Thus, for the display with 640 pixels per row, the VLPS must process each of these characters within 31.25 µsec, plus the setup-and-hold times for the VLPS function, which are specific to the actual physical device you choose to implement it. The smaller these two time values are, the more time the µP has to produce the character-object data to send to the VLPS function.

VLPS enters the real world

Now, you can implement the design specification of the VLPS into an actual CPLD. Many companies provide viable CPLDs, and each CPLD has various strengths and weaknesses. Select one that contains the macrocells and resources that the design needs. Often, this requirement means you have to perform an interactive search during the design to specify the best CPLD.

You can specify the functions you need implemented within a CPLD in one of several semantic levels. Today's advanced PLD-design software and fitters generally insulate you from the macrocells and routing when you use HDL equations or schematic-entry tools. However, because of cost constraints, you must design the VLPS function at a low level to use the smallest CPLD possible. To effectively design this function, research the macrocell and I/O details of the CPLD, exploiting strengths and avoiding weaknesses. You can still use HDL equations to specify the behavior of the CPLD, but you will choose better equations because of the low-level information that you have about the macrocells and I/O pins.

Implementing a function into a CPLD is mostly an exercise in resource distribution and management, and if you have more available resources than you have function requirements, you'll need less time to map the function into the CPLD. This approach gives the design-time constraint a higher priority. Proper selection of the CPLD is crucial for effective resource and cost control.

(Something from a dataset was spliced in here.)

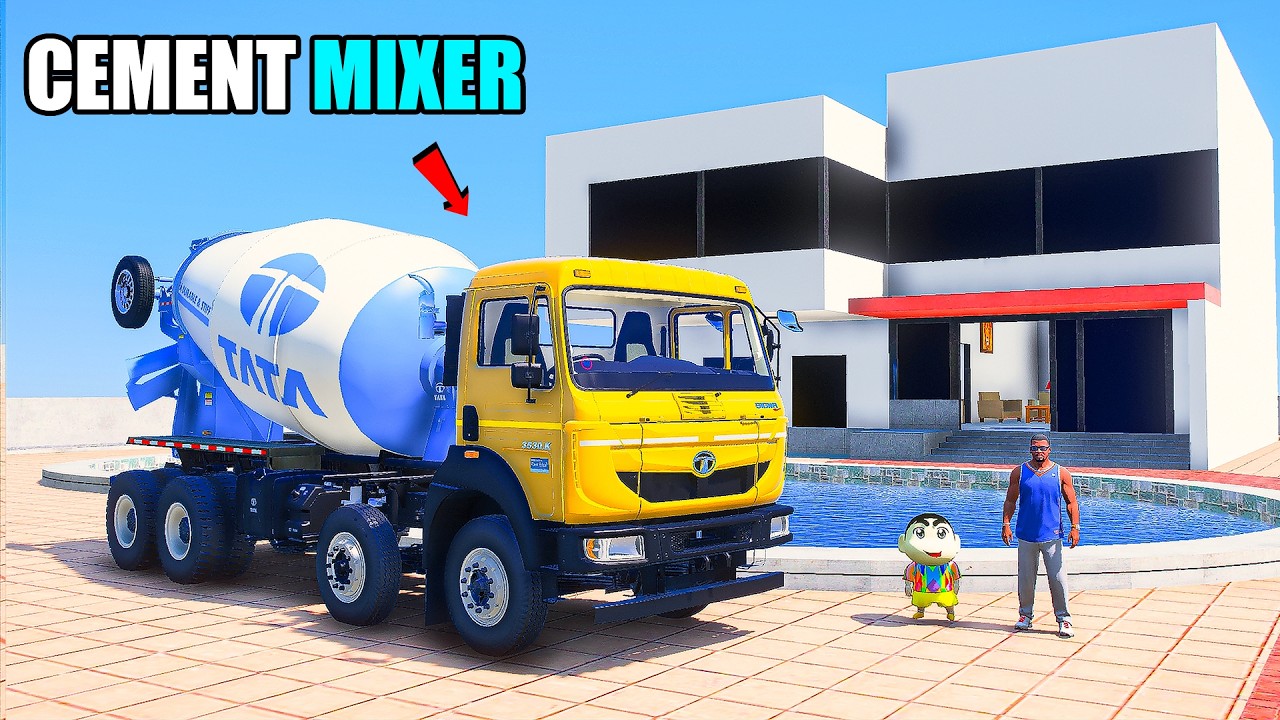 Franklin & Shinchan Buy Indian TATA Cement Mixer Truck in Indian Bike Driving 3D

This application uses the EPM7032 CPLD from Altera's (San Jose, CA) MAX7000 family. The EPM7032 contains 32 macrocells and four additional inputs (Figure 4). Its input and output lines do not have to be connected to the accompanying macrocells. Therefore, you can use the I/O pins for inputs and the accompanying macrocell for a buried register. The EPM7032 also features product-term clocking, which allows a distinct ORed combination of AND terms for each macrocell's clock input. Although this feature may not be useful in some designs, for many designs--such as the VLPS--much of the buried register logic requires a different set of clock terms for the macrocell flip-flops. General CPLDs provide only global clocking terms, thus effectively limiting the number of clock terms that the entire design uses. Demanding designs require product-term clock sourcing for maximum logic density per macrocell.

The EPM7032's timing specifications must meet the worst-case time requirements for the VLPS function. The fastest clock that you can input into the device is the 20-MHz CLOCKIN signal. Because the three internal clock signals--CLOCKIN, CLOCKINHALF, and SYSTEMCLK--combine to define states in the system, the smallest time per state is one-half of CLOCKIN, or 25 nsec. The maximum time for a signal to propagate through the EPM7032-10 is approximately 10 nsec.

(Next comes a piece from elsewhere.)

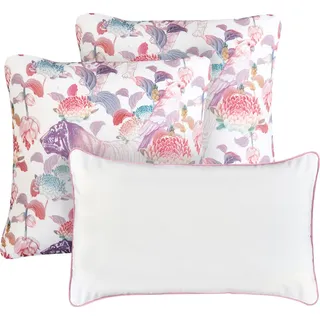 BELIANI Gartenkissen 3er Set Mehrfarbig Polyester Blumenmuster 45x45 cm u. 30x50 cm Wasserabweisend Dekokissen mit Füllung für Garten Terrasse Balkon - Bunt, Rosa, Violett, Weiß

The EPM7032's setup-and-hold times, which partially determine the number of characters that the VLPS function can reasonably transfer, are less than 10 nsec. However, the µP must make three byte writes to properly set up and start the VLPS function. This action makes the setup-and-hold times of the EPM7032 negligible for this function and places the timing responsibility on your µP. Therefore, this CPLD should be fast enough for the VLPS function.

Start by assigning the CPLDs resources to the VLPS-function requirements. The listings use Altera MAX+Plus II design software with Altera's AHDL syntax for the equations. Think of HDL as a programming language for defining the behavior of the physical part. It uses symbolic references and binary and arithmetic operators for the behavior descriptions.

First, examine the requirements on the device to support the inputs to the VLPS function. The inputs for the VLPS require eight data-input lines for DATAIN0 through DATAIN7, three control-input lines for write-enable lines, one input line for the CLOCKIN signal, and one input line for the RESET signal (Listing 1). Next, examine the requirements to support the outputs of the VLPS function. You need only one output-data line and register for the SERIALDATA, one output line for the SERIALCLOCK, and one output-control line for the BUSY signal (Listing 2).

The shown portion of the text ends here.